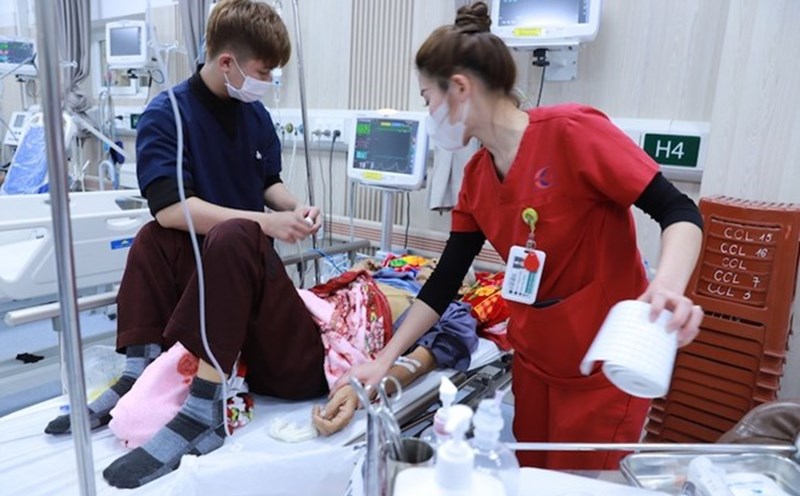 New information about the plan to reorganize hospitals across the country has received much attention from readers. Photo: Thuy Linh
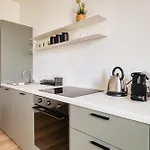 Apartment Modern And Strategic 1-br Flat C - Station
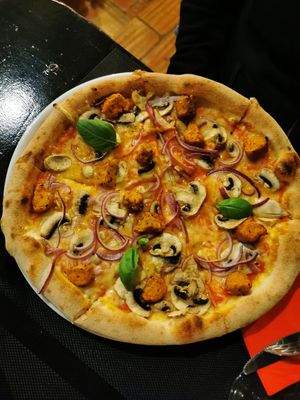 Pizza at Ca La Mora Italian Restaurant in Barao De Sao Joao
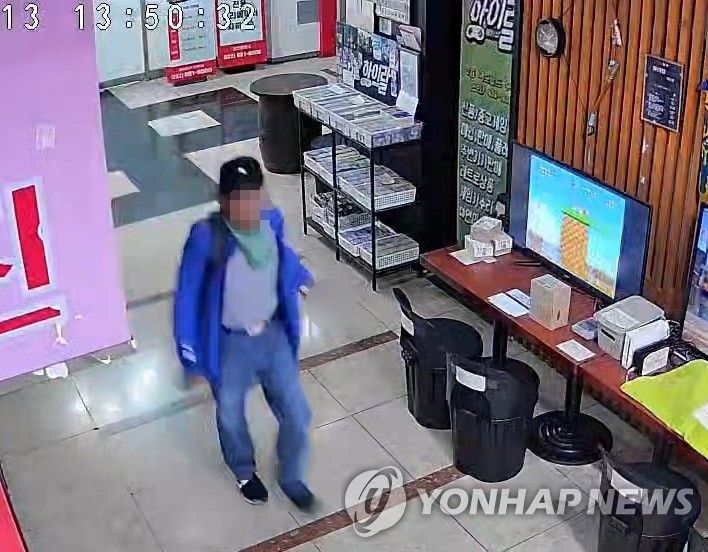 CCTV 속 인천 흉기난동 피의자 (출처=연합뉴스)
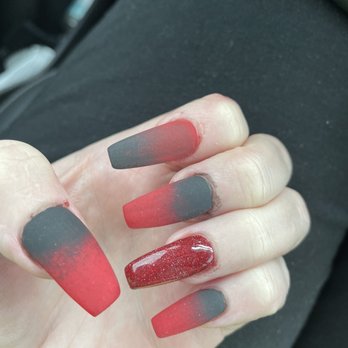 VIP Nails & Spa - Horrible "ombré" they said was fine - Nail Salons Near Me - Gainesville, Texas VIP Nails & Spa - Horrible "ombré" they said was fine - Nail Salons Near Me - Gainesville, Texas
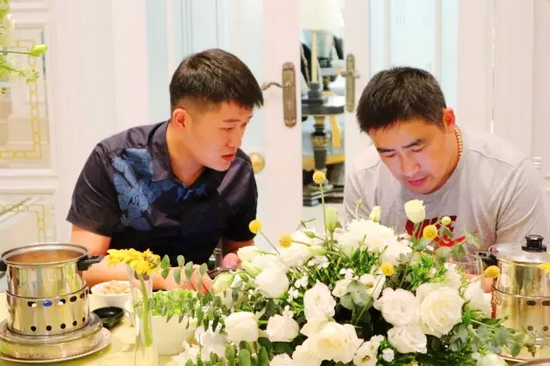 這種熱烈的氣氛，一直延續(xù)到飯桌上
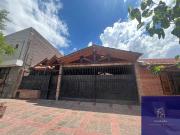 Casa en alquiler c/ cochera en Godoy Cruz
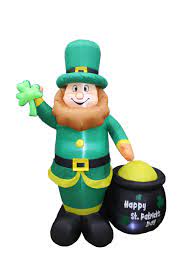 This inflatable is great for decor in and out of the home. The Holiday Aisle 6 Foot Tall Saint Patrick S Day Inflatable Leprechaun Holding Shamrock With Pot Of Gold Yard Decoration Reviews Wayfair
• • • •
In the records above, find the line that contains "Casa en alquiler c/ cochera en Godoy Cruz" and repeat exactly that line and all lines after it to the end. Do not include pictures.

 Casa en alquiler c/ cochera en Godoy Cruz
 This inflatable is great for decor in and out of the home. The Holiday Aisle 6 Foot Tall Saint Patrick S Day Inflatable Leprechaun Holding Shamrock With Pot Of Gold Yard Decoration Reviews Wayfair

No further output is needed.